##### Data segment #####

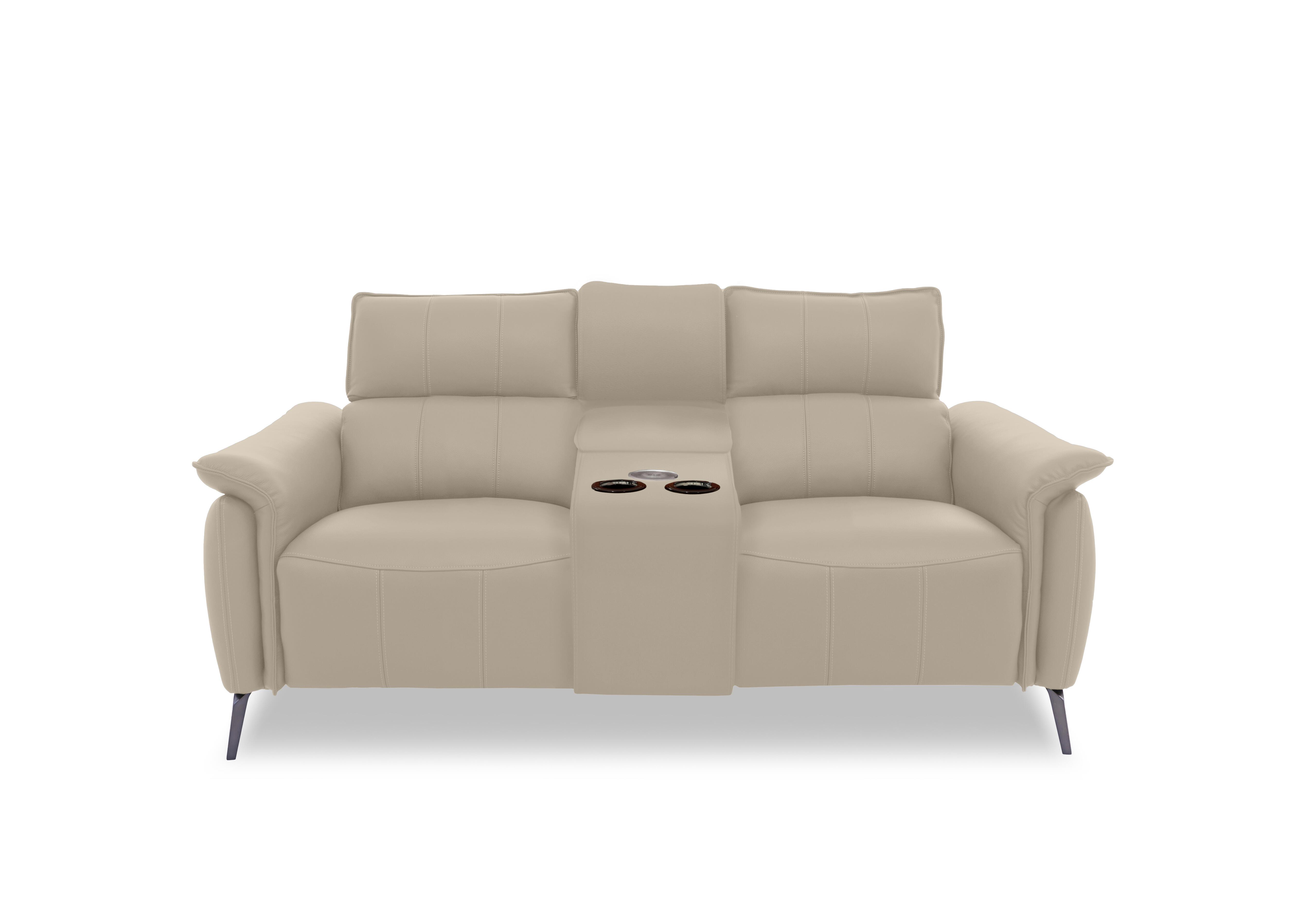 Jude Leather 2 Seater Power Recliner Sofa with Smart Console, Power Headrests and Power Lumbar in Oslo Oyster Cat-40/08 on Furniture Village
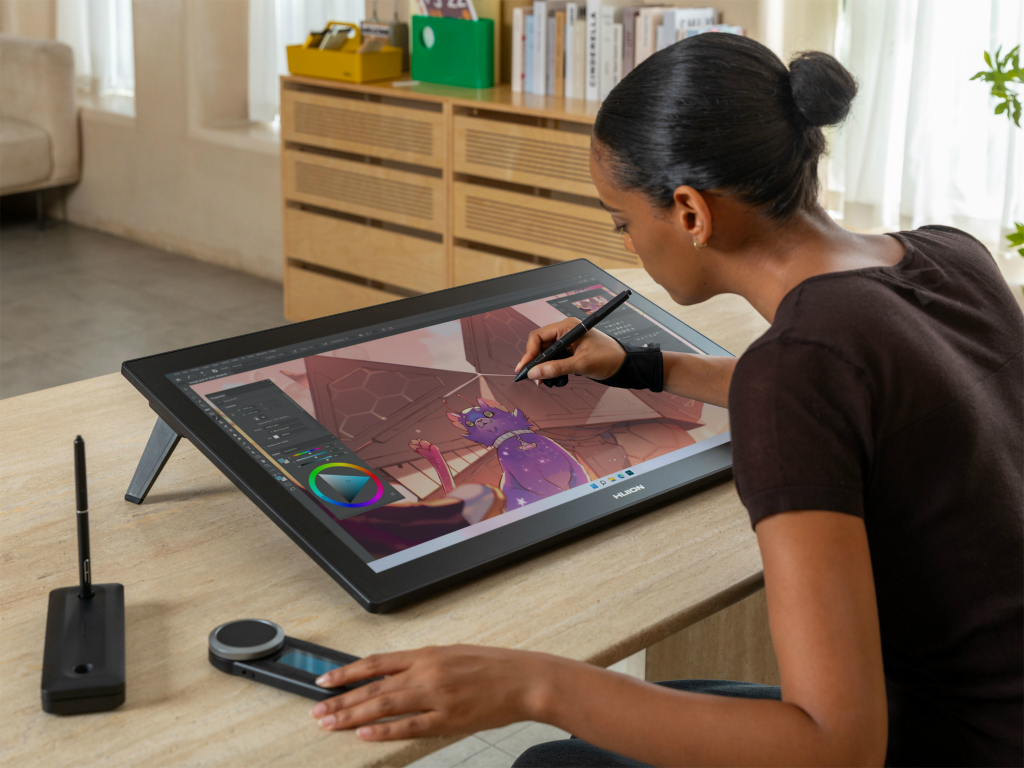 4K/144Hz対応のプロクリエイター向け27型液晶ペンタブレット、HUION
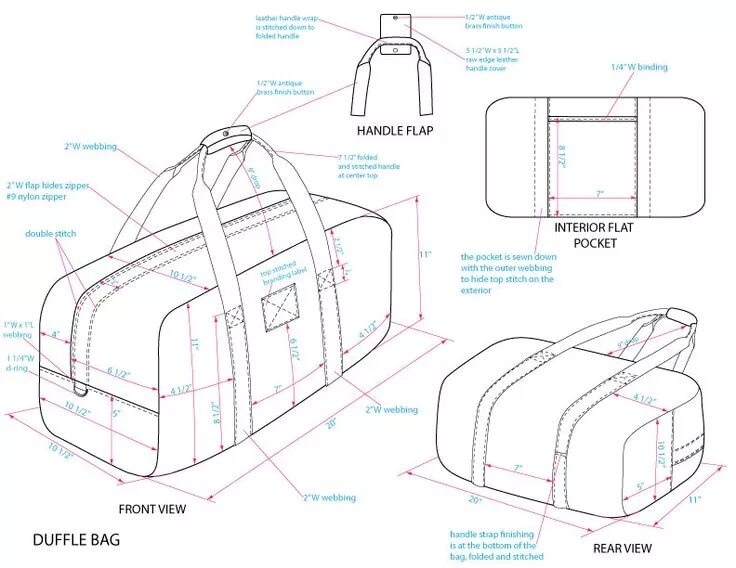 Пошаговая выкройка дорожной сумки technical drawing of a bag Выкройки сумок, Уроки шитья сумок, Выкройка сумки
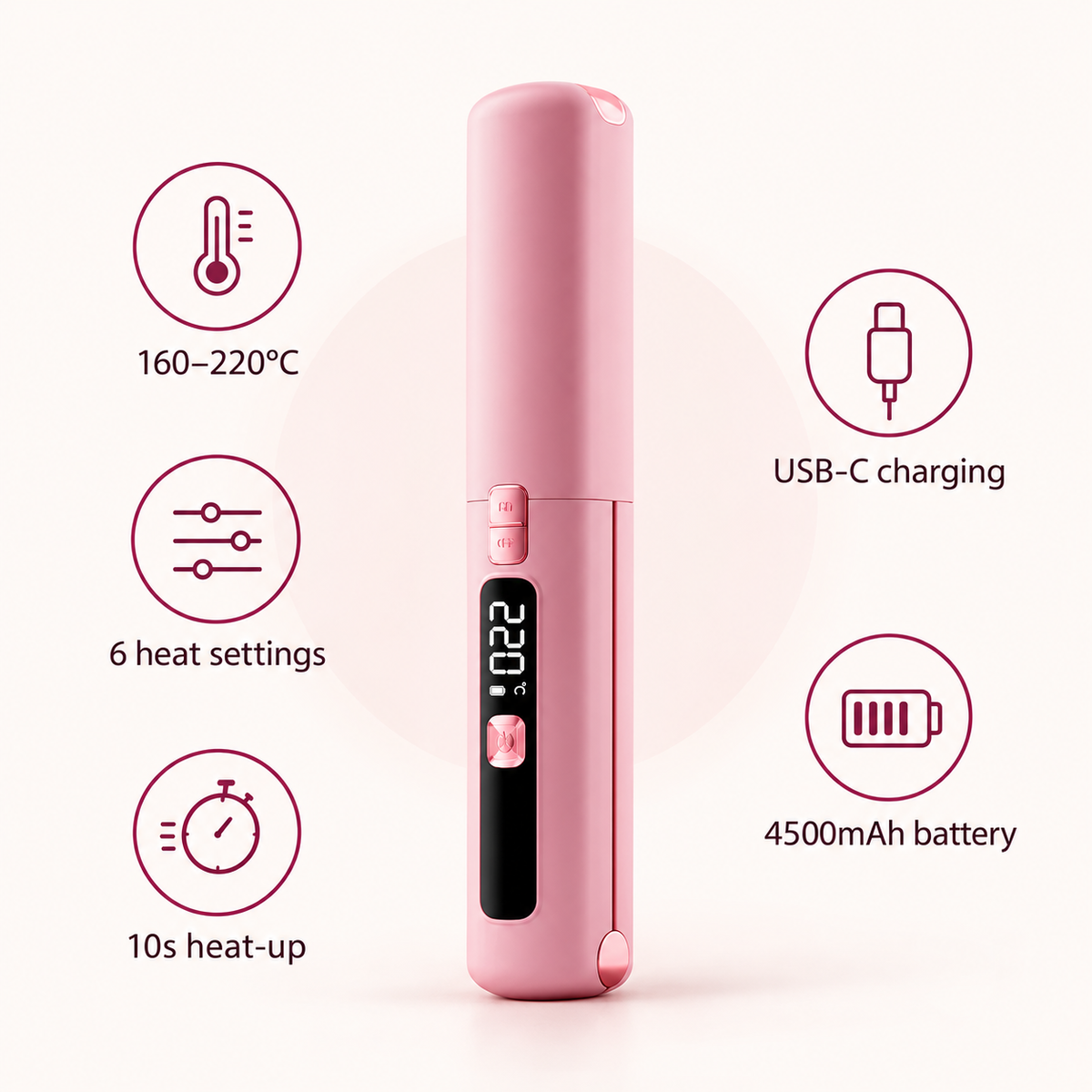 Oaklo Pocket Flat Iron specs: 160–220°C, 6 heat settings, 10s heat-up, USB-C charging, 4500mAh battery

#####

Activity:
Please retype the listing exactly, leaving out any images.

Exercise response:
 Jude Leather 2 Seater Power Recliner Sofa with Smart Console, Power Headrests and Power Lumbar in Oslo Oyster Cat-40/08 on Furniture Village
 4K/144Hz対応のプロクリエイター向け27型液晶ペンタブレット、HUION
 Пошаговая выкройка дорожной сумки technical drawing of a bag Выкройки сумок, Уроки шитья сумок, Выкройка сумки
 Oaklo Pocket Flat Iron specs: 160–220°C, 6 heat settings, 10s heat-up, USB-C charging, 4500mAh battery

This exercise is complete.